The online advertising ecosystem exists in a state of constant anxiety. Fraudulent activity costs the industry billions of dollars a year – but what really keeps agencies and tech platforms up at night is the fear of being found out. If a customer discovers that their budget has been wasted running ads on fraudulent sites, not only might they demand their money back, but they could also take their business elsewhere.
This climate of fear has led to endemic technology alignment within the industry, with ad verification processes being mirrored along the entire supply chain. Rather than trying to identify and stop fraud before it affects the client, ad tech middlemen have created a system that mimics the client so closely that it is as good as useless. They do this in the hope of avoiding responsibility for wasting the client’s budget when fraud is detected. However, they are sorely mistaken in this belief.
The fear within the industry has grown out of a lack of trust. From the brands downwards, everybody uses verification tools because they can’t be sure that their partners aren’t supplying them with traffic that isn’t at least partially tainted by fraud. The question is whether they, and crucially the end customer, can prove that it’s false. This of course comes down to the type of measurement tools that they’re using. For many players in the ecosystem, the argument goes that if they’re using the same verification vendor as their customers, then both parties can agree on what constitutes legitimate traffic at any given time.

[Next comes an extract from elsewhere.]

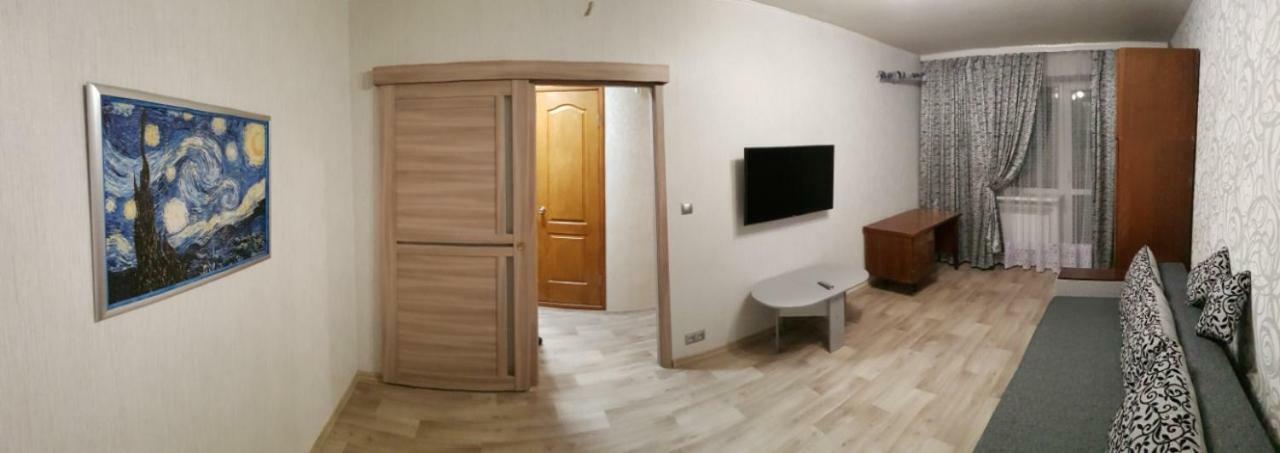 Сozy Appartment Near Metro Station "23 Avgusta" Charkiv Exteriör bild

However, this presents problems of its own. For a start, it’s obviously not the case that every brand is going to be using the same verification vendor, so in order to align themselves with their customers, agencies may find themselves using multiple measurement tools depending on what campaign they’re running. This can lead to all kinds of issues further down the supply chain, with one tool showing that an ad impression is good, another showing that it’s bad. So traffic that you’re happy to pay a publisher for as part of campaign X may become a cause of dispute during campaign Y. The agency also then faces the quandary of whether it should inform customer X that, according to customer Y’s verification vendor, the traffic that it thinks is legit based on its own tools is in fact fraudulent.
This is head-spinning enough, but the big problem is that, regardless of whether you’re mimicking your customers’ verification processes, it doesn’t alter the fact that when both yours and your customer’s measurement dashboard starts to flash red when a new type of fraudulent activity has been identified, it’s still the tech platform that’s ultimately responsible for serving that bad traffic to the customer – and there’s every chance that it’s been served for many months prior to detection. You may have found out about it at the same time as your customer, but pleading ignorance isn’t a particularly good defence.

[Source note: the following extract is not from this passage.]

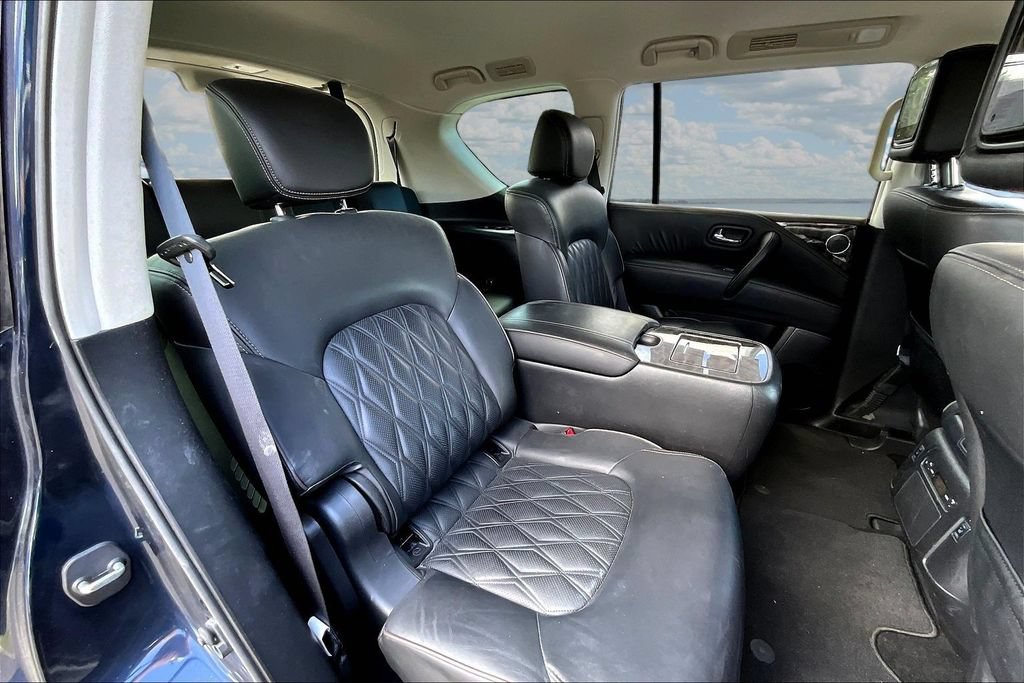 Used 2022 Nissan Armada Platinum w/ Captain's Chairs Package RWD image 24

Ultimately, it doesn’t matter that both parties didn’t know about the fraud until it was revealed – the customer expects their platform to be ahead of the game, to weed out fraud before it becomes a major issue. In this scenario, using the same verification vendor merely results in the platform incriminating itself, which opens it up to the possibility of a significant chargeback demand.
Technology alignment doesn’t work in every industry. While it can be a boon for integration between disparate parties, it neither provides a failsafe if the technology is found to be faulty nor allows for innovation to flourish. The old adage that ‘nobody ever got sacked for buying IBM/Cisco/Microsoft/Nokia’ has long since proved to be false, and traffic verification is another sector where just sticking with the incumbent vendor is often a bad idea.
So what can agencies and tech platforms do to protect themselves against serving bad traffic to their customers? Not only is using the same tools a bad idea, it also breeds complacency about putting proper verification processes in place. Agencies and platforms need to respond more quickly to threats rather than discover them at the same time as their customers. Cutting off bad (but still lucrative) traffic streams ahead of time might feel like a waste, but being able to tell a customer that you’ve already blocked fraudulent activity that they’ve only just found out about is an excellent way of building your reputation as a trustworthy supplier. By proactively using best-in class tools, platforms should aim to build a protected layer of publishers and channels that it knows are supplying clean traffic.